Vivien W. Ng
PhD, University of Hawaii
Vivien Ng served two terms as department chair: 1995-2000 and 2011-2017. She is a member of the Board of Directors of the Global Institute for Health and Human Rights, University at Albany.
Ng was the first President of the National Women's Studies Association, serving in 1993-94. She has served on the board of the American Association of University Women Educational Foundation from 1989-93. She was a Mellon Fellow at the Aspen Institute for Humanistic Studies in 1984-85 and a Rockefeller Fellow at Hunter College in 1990-91. She was on the editorial boards of the NWSA Journal and the Journal of Women's History.
Ng has served as curriculum consultant to several Women’s and Gender Studies programs in the United States. She has been an external reviewer and co-authored assessment reports on women’s and gender studies programs/departments at Hunter College, San Diego State University, University of Arizona, and University of Minnesota.

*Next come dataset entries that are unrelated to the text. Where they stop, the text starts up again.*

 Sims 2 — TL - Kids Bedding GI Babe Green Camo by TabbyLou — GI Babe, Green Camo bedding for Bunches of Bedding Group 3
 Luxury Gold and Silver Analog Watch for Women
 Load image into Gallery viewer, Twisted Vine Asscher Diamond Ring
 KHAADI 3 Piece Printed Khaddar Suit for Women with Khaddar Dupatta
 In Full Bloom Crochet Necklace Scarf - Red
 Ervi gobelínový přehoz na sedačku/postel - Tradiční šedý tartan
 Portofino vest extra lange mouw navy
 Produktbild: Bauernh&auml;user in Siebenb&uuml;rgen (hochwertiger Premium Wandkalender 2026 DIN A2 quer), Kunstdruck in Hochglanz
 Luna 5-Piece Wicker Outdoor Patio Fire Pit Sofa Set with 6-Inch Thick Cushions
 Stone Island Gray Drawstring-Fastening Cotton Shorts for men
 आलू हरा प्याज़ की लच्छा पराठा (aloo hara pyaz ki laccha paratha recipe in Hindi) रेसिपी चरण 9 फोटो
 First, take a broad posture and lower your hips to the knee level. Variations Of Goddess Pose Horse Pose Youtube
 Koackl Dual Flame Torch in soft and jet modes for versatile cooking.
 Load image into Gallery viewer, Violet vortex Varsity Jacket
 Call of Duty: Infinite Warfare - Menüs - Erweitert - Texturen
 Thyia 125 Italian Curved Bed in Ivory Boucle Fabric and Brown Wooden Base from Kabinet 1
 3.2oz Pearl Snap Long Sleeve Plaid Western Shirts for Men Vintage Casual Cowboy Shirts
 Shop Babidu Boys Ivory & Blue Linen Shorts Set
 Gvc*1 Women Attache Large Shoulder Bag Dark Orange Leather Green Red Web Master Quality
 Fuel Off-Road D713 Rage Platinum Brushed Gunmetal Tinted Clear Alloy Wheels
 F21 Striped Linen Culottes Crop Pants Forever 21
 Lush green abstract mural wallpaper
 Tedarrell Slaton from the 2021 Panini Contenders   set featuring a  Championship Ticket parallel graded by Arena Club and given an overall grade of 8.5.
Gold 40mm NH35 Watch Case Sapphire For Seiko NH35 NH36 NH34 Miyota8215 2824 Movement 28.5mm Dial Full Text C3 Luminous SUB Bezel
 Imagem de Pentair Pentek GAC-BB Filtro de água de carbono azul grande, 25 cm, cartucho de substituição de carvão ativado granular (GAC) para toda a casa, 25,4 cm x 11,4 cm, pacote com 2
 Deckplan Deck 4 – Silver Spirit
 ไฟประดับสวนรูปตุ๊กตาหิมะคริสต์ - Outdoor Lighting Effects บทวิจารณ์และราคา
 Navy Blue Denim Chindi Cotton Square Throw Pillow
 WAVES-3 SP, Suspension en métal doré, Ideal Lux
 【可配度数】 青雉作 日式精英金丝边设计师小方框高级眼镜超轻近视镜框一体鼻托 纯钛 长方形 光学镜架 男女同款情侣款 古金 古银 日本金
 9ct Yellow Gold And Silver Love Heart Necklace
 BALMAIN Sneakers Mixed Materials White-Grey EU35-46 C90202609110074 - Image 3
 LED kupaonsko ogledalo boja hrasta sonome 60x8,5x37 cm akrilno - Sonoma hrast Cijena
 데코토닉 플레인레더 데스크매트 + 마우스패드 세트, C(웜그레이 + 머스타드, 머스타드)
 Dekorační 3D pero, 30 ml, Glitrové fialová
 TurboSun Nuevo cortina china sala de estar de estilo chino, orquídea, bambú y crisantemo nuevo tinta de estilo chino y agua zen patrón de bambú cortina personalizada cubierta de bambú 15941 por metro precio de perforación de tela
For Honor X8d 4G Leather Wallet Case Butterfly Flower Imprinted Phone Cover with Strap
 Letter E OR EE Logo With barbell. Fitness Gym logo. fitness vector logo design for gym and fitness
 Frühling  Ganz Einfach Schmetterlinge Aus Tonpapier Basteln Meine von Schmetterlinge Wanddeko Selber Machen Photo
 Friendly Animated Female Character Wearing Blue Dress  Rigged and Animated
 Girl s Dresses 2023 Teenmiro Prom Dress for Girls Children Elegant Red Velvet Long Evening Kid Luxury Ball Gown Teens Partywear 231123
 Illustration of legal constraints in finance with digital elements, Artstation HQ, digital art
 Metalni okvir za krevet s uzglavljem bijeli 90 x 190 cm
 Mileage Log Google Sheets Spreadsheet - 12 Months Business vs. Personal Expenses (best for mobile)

Her book, Madness in Late Imperial China: From Illness to Deviance (1990), tracks the paradigm shift of “madness” to “insanity” in Qing Dynasty China that resulted in mandatory confinement of the insane and harsher treatment of insane offenders. Although published in 1990, this book is still being used in comparative law courses in several law schools. Her other groundbreaking work includes "Ideology and Sexuality: Rape Laws in Qing China," which appeared in the Journal of Asian Studies in 1987 and "Homosexuality and the State in Late Imperial China," in Hidden from History: Reclaiming the Lesbian and Gay Past (New American Library, 1989). Her research and writing interests have undergone significant change since 1995, moving from Chinese social history to Asian American studies. Ng also writes short fiction. One of her stories, "Redemption," is published in 13th Moon, a feminist literary magazine.
From 2008 to 2014, Ng was the Associate Producer and Principal Researcher for “Trailblazers in Habits,” a film about the social justice work of the Maryknoll Sisters in China, Hong Kong, Latin America, and the United States. This film has been shown at film festivals and special events in Canada, Hong Kong, and the United States. A special edition was broadcast nationally in the United States on ABC network in 2014.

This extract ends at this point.